Más interés tiene explorar por qué, curso tras curso, las sucesivas cohortes de estudiantes encuentran fascinante la posibilidad de que, después de todo, la teoría de Lamarck sea correcta. El ejemplo típico es el largo cuello de las jirafas: en sus intentos de alcanzar las hojas de las ramas más altas de los árboles, las jirafas estiran el cuello y, repitiendo esa costumbre durante muchas generaciones, los alargamientos se van acumulando y se tornan hereditarios. Eso está bien, pero preguntemos qué tipo de esfuerzos tienen que hacer las ovejas para echar lana. Ahí el truco de los estiramientos cervicales no funciona. La doctrina ha entrado en un callejón sin salida. No obstante, Lamarck tenía una respuesta: los organismos poseían una tendencia interna al progreso.

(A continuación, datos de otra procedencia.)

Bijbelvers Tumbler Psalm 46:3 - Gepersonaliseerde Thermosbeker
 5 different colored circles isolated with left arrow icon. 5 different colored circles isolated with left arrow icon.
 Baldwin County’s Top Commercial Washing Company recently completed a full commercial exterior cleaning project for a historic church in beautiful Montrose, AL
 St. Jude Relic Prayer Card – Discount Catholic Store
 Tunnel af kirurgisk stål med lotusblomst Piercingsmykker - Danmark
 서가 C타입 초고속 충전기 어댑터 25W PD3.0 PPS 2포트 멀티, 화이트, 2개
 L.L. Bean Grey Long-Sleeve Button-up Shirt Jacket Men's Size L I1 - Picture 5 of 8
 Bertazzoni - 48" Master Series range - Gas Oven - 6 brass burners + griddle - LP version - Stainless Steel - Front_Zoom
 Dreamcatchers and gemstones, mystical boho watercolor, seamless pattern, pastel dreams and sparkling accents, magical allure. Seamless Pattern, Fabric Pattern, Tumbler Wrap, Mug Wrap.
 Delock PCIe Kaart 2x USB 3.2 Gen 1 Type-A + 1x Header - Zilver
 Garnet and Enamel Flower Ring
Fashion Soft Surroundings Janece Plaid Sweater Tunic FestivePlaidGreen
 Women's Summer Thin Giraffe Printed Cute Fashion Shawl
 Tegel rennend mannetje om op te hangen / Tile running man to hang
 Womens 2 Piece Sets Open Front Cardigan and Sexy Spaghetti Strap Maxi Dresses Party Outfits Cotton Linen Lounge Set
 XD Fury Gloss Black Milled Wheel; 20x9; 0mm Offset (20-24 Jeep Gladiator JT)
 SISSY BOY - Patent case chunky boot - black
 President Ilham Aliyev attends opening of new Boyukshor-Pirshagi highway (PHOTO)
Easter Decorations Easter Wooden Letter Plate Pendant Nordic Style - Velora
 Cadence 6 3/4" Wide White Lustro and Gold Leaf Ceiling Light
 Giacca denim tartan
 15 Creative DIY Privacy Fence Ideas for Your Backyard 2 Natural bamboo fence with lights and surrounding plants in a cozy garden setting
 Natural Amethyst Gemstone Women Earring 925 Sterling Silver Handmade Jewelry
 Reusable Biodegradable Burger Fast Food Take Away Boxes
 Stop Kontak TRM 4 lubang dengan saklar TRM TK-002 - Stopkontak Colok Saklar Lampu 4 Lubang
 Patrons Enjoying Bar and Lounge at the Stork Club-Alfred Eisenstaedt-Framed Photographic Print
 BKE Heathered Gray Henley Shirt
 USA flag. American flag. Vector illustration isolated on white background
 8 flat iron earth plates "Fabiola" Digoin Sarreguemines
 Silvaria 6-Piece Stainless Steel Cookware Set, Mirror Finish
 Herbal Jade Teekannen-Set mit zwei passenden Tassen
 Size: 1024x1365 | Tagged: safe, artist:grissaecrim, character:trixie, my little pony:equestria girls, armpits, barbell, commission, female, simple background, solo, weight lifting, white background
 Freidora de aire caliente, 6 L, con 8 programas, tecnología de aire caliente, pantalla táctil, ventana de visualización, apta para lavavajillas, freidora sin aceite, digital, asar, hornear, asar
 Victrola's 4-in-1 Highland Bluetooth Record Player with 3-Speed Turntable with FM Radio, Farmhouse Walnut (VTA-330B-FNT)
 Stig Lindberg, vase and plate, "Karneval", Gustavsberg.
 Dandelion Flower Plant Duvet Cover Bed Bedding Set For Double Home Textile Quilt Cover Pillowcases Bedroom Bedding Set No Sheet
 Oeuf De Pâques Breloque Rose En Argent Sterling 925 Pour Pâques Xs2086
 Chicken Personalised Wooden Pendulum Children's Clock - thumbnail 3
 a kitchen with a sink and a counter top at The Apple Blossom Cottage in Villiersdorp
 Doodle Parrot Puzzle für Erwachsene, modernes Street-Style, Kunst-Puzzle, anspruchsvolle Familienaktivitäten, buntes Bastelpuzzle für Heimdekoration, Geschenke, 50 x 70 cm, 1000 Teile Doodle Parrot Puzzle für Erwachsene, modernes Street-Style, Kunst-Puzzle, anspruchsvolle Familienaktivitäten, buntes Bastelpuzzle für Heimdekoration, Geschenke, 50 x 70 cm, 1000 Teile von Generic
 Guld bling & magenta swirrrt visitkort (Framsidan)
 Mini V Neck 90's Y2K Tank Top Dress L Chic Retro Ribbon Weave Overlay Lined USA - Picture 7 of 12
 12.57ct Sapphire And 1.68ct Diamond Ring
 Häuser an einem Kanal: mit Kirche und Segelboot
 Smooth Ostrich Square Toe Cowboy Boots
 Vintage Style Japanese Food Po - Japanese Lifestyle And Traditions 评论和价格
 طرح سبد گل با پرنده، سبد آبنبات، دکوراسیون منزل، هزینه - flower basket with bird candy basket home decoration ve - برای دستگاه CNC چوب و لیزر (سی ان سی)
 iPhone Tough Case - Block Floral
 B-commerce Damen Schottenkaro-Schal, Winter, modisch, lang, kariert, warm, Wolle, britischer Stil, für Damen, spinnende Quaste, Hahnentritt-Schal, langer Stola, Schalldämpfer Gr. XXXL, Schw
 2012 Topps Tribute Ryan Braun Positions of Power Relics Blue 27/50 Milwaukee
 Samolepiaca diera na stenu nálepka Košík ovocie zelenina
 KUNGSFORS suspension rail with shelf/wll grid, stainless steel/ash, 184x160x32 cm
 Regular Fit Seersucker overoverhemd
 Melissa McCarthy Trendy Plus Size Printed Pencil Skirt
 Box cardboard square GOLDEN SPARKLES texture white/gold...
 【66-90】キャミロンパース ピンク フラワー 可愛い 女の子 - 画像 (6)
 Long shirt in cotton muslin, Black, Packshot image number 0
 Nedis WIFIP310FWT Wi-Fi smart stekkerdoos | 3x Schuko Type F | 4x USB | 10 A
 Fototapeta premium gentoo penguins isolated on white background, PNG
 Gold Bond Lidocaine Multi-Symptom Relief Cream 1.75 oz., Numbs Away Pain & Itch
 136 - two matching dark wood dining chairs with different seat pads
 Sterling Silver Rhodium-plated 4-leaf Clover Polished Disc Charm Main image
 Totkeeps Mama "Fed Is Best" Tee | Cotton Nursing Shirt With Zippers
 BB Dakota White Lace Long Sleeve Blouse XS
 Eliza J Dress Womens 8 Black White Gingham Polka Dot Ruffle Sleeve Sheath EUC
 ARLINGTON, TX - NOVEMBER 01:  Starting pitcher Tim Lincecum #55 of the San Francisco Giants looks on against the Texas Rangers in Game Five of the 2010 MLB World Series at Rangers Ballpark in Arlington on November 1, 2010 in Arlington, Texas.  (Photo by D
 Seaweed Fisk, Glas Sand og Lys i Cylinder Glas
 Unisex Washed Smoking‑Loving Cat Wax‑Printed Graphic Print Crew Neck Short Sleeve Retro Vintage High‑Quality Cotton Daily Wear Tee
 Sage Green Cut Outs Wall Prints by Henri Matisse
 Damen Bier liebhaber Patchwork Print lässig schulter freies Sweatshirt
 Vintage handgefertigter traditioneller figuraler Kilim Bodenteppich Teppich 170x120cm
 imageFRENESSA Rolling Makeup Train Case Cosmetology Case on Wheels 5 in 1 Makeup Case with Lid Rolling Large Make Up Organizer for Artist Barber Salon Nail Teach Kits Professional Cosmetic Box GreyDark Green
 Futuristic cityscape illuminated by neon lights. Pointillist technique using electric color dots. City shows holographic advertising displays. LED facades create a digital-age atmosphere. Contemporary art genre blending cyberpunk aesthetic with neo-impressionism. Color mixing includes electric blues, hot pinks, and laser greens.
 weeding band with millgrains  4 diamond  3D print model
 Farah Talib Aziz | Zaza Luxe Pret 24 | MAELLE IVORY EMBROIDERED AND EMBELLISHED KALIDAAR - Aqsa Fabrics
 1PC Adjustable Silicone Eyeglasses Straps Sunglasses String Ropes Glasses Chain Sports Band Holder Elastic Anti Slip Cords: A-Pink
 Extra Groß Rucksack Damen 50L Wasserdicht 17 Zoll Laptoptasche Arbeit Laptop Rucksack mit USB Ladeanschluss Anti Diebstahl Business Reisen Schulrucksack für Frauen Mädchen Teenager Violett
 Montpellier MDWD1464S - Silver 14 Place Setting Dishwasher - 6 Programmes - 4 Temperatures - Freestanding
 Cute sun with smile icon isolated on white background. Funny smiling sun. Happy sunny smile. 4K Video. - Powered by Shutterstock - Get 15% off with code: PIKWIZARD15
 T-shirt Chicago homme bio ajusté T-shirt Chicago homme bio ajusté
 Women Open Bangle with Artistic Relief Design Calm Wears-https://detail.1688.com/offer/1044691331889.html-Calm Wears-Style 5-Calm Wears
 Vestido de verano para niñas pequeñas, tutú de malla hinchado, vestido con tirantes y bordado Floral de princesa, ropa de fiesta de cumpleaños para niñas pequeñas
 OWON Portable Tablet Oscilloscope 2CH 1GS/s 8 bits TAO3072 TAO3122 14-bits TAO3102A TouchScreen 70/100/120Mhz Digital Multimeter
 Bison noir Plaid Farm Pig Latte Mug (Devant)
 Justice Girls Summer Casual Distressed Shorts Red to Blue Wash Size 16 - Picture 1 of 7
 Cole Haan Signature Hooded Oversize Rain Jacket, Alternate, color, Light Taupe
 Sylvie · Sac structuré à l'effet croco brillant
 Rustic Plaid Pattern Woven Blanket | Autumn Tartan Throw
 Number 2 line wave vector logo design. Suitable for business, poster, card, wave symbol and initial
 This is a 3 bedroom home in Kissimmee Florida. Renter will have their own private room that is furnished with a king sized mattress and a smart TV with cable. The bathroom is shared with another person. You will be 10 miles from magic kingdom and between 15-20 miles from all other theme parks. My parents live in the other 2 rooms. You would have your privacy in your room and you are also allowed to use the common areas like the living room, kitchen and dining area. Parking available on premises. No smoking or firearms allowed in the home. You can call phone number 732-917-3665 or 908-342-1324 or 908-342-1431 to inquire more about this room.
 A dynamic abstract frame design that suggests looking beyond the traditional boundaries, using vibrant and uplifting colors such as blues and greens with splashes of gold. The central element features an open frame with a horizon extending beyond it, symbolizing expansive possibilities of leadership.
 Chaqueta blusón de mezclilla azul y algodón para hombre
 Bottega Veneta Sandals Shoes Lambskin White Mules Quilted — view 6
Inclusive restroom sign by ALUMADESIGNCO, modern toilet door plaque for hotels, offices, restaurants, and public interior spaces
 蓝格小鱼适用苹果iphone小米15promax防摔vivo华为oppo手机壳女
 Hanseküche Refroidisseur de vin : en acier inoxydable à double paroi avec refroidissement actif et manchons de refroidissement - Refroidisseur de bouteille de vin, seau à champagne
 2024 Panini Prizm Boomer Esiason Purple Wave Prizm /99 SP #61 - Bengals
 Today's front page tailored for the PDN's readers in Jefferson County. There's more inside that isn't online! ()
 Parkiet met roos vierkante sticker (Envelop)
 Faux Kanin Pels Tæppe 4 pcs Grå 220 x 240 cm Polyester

Esa es la clave: la teoría de Lamarck resulta atractiva porque es meritocrática. Nos habla de esfuerzo y de progreso. Las jirafas tenían sus largos cuellos porque se habían esforzado por conseguirlos. En cambio, la teoría de la selección natural de las variaciones hereditarias fortuitas, ideada por Darwin y Wallace, privaba de mérito a los elegidos. Unas jirafas nacían con el cuello más corto y otras con el cuello más largo. Las segundas comían más hojas, sobrevivían mejor, se reproducían en mayor medida e iban enriqueciendo la población en cuellos largos. Pero no había mérito, sino una suerte de lotería genética. Y los humanos somos propensos a buscar sentidos trascendentes, cosa que la selección natural no nos ofrece. De hecho, Darwin, que empezó como un ferviente anglicano, acabó agnóstico, mientras que Wallace optó por asumir que nuestra consciencia no se había originado por selección natural, sino mediante una donación espiritual. Así que ahí puede residir la diferencia: el meritocrático Lamarck daba un sentido a la evolución del que carecía la antipática selección natural.
En mi opinión, sendos errores. Los valores y los sentidos pertenecen al campo de la evolución cultural, a no confundir con la evolución biológica. Tan incorrecto es rechazar la meritocracia porque no haya herencia de caracteres adquiridos, como aplicar la teoría de la selección natural a la evolución cultural. Eso ya lo sabía Wallace, quien escribió que nuestra evolución se había independizado de la selección natural en cuanto desarrollamos la suficiente capacidad cognitiva y colaboración social por elaborar una potente cultura. Y llevaba razón.